**Description of the task:**
Please copy all of the entries exactly, but drop every picture.

▶

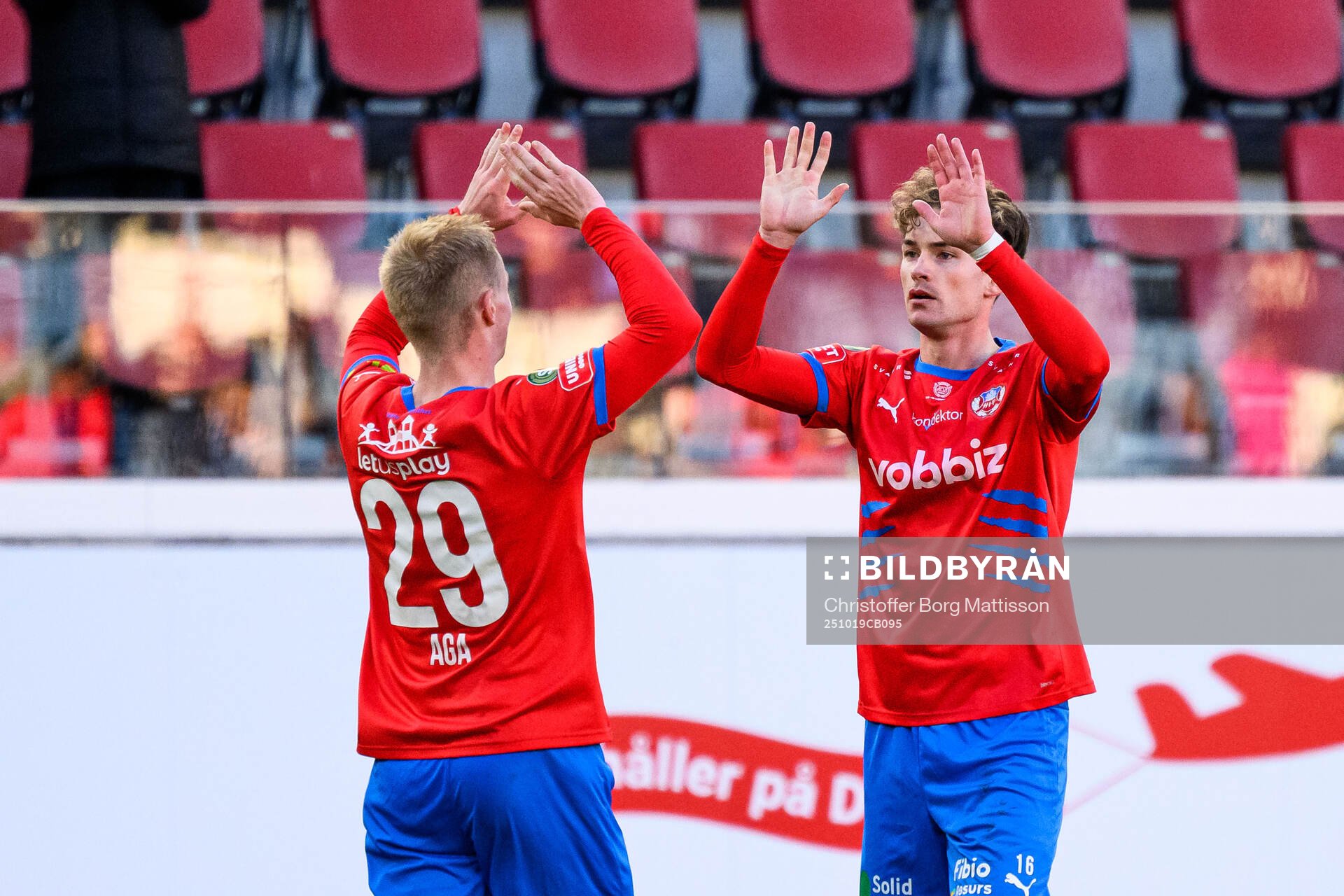 Helsingborgs Oscar Aga och Alexander Johansson jublar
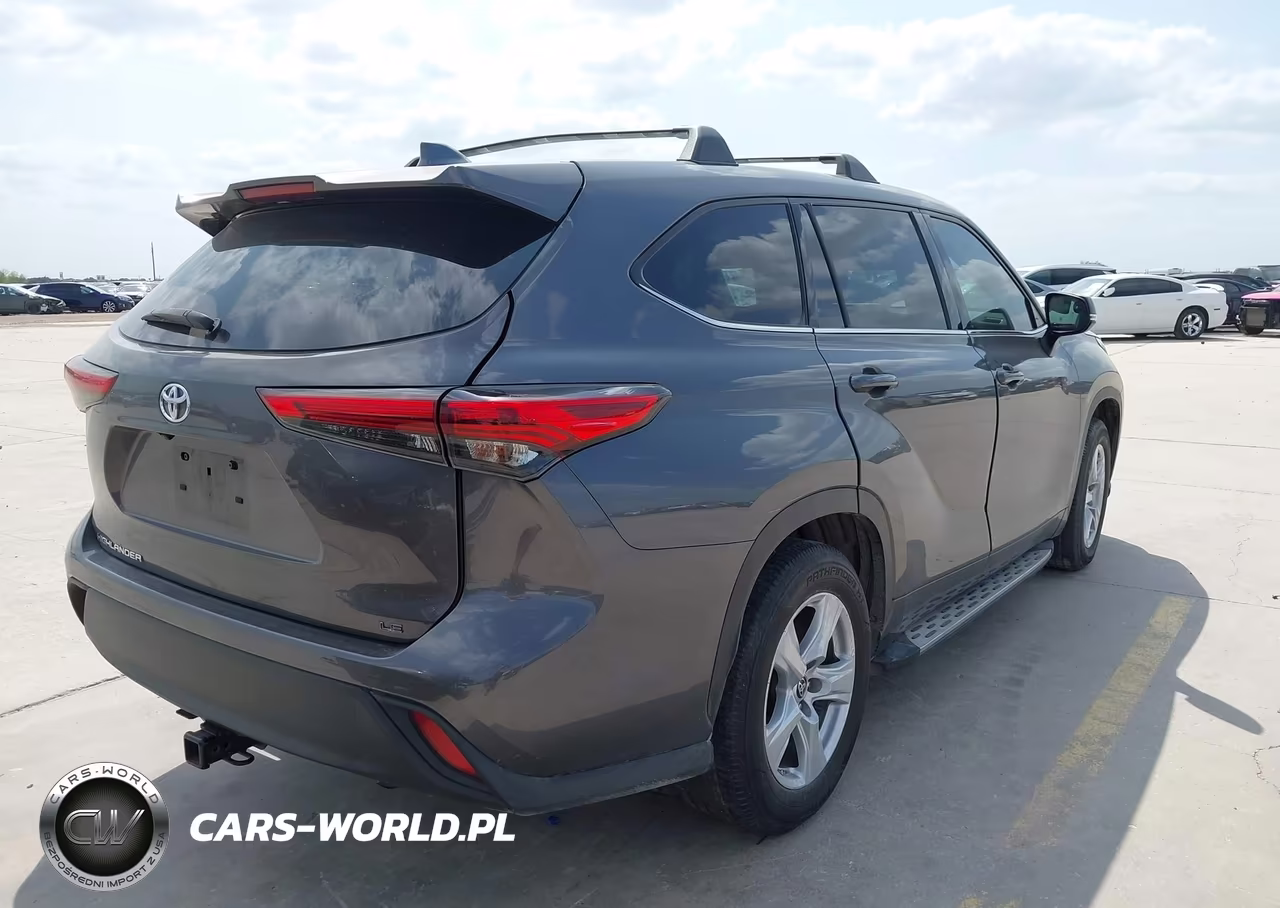2021 Toyota Highlander Le VIN:5TDZZRAH9MS534820 - 4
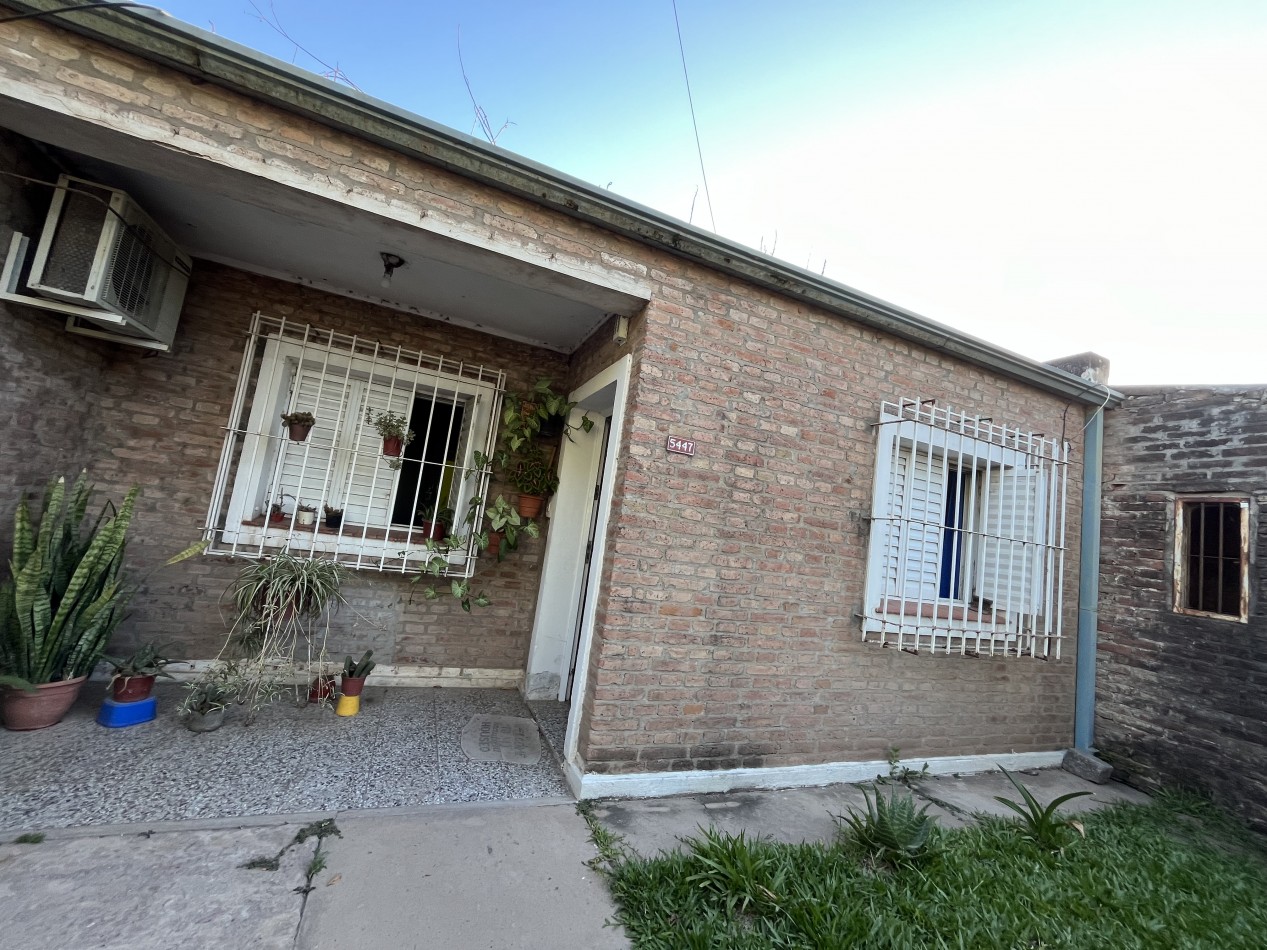 CASA CON GRAN PATIO VERDE ! IMPERDIBLE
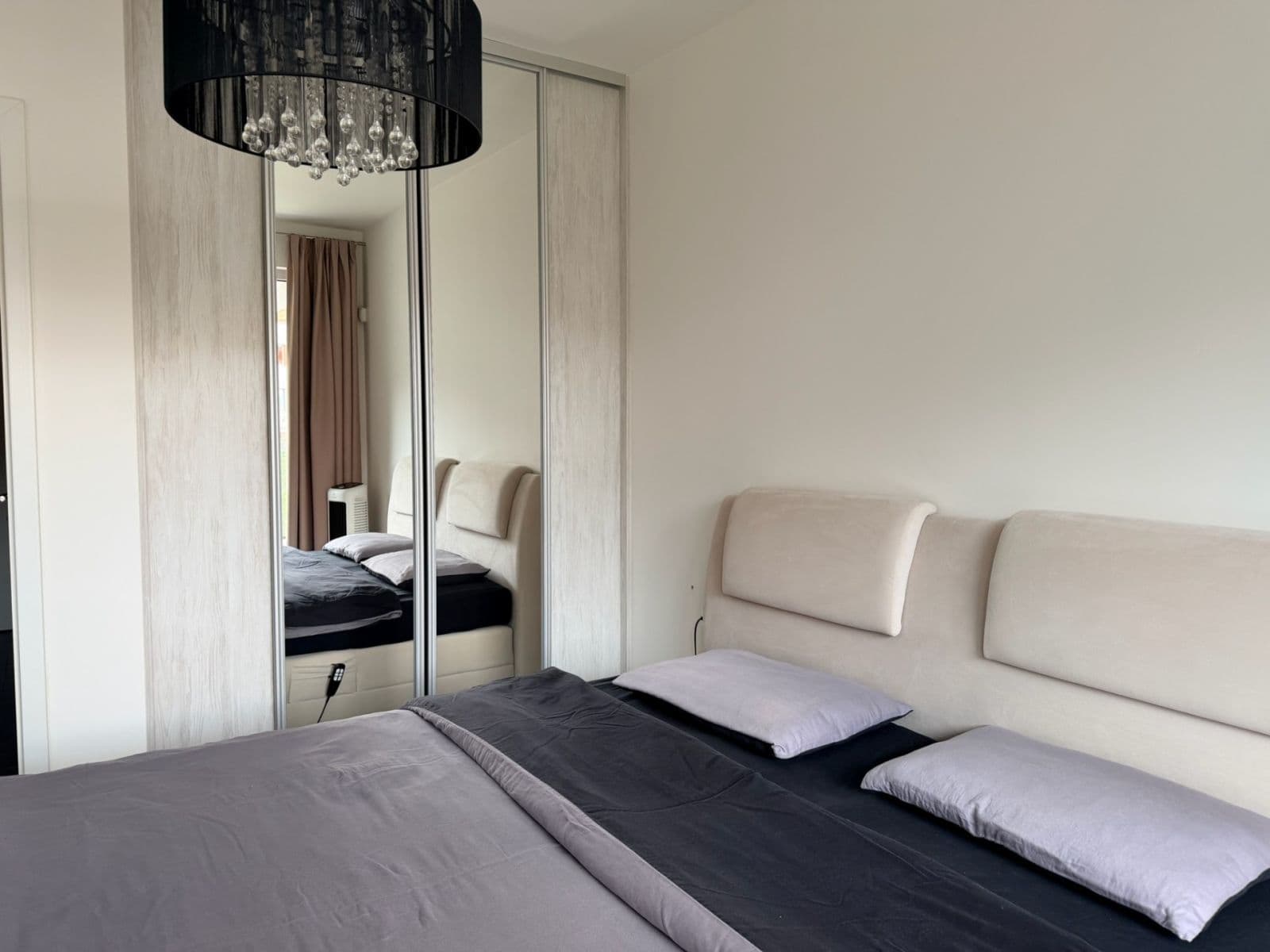 1 bedroom with open-plan kitchen flat to rent, 53 m², Dagmar Burešové, Prague, Prague 1 bedroom with open-plan kitchen flat to rent, 53 m², Dagmar Burešové, Prague, Prague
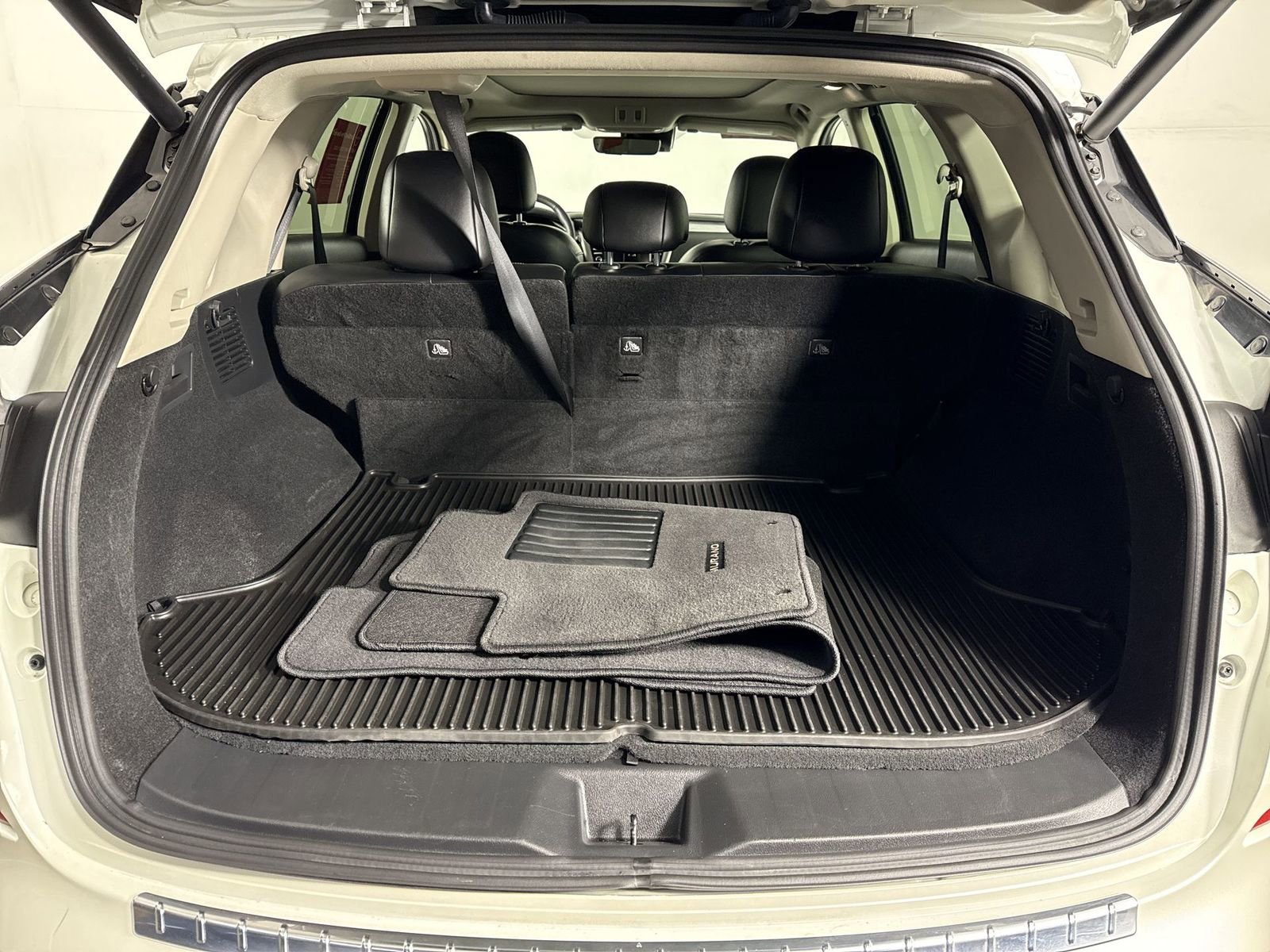 Certified 2024 Nissan Murano Platinum w/ Cargo Package image 35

◀

**The completed task:**
 Helsingborgs Oscar Aga och Alexander Johansson jublar
2021 Toyota Highlander Le VIN:5TDZZRAH9MS534820 - 4
 CASA CON GRAN PATIO VERDE ! IMPERDIBLE
 1 bedroom with open-plan kitchen flat to rent, 53 m², Dagmar Burešové, Prague, Prague 1 bedroom with open-plan kitchen flat to rent, 53 m², Dagmar Burešové, Prague, Prague
 Certified 2024 Nissan Murano Platinum w/ Cargo Package image 35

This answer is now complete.